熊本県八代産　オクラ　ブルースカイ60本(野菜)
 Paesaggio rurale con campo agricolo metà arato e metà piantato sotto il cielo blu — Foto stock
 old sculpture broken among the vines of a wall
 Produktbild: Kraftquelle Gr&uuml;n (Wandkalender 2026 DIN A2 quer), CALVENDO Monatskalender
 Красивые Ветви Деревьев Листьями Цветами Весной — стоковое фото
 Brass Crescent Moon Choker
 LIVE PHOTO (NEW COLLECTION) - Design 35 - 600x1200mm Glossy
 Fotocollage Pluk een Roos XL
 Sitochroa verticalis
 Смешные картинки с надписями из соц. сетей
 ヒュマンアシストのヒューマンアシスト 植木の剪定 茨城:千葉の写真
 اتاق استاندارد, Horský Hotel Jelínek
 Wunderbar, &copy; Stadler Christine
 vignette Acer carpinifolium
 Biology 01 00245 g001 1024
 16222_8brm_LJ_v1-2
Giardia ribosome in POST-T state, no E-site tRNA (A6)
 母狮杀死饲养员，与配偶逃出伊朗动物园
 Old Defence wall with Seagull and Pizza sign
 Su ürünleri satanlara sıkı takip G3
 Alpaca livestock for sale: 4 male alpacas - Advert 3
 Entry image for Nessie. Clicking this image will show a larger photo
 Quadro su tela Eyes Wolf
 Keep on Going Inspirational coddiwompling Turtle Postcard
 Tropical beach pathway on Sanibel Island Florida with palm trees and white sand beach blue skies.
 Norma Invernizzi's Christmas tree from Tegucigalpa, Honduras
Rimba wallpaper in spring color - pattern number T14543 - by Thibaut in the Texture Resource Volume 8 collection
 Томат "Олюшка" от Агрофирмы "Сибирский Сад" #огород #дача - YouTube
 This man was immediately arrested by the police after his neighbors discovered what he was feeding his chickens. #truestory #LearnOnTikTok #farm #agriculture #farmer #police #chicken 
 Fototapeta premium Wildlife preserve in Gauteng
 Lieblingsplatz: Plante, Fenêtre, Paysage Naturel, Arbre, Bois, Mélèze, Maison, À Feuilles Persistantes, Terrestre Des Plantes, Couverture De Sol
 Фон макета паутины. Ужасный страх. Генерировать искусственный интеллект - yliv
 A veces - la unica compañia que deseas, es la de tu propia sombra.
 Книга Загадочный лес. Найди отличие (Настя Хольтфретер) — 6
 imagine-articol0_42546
○ ○ ○
Your instructions: All lines of the records above that contain the word "with" are to be copied out.

Response below:
 Old Defence wall with Seagull and Pizza sign
 Tropical beach pathway on Sanibel Island Florida with palm trees and white sand beach blue skies.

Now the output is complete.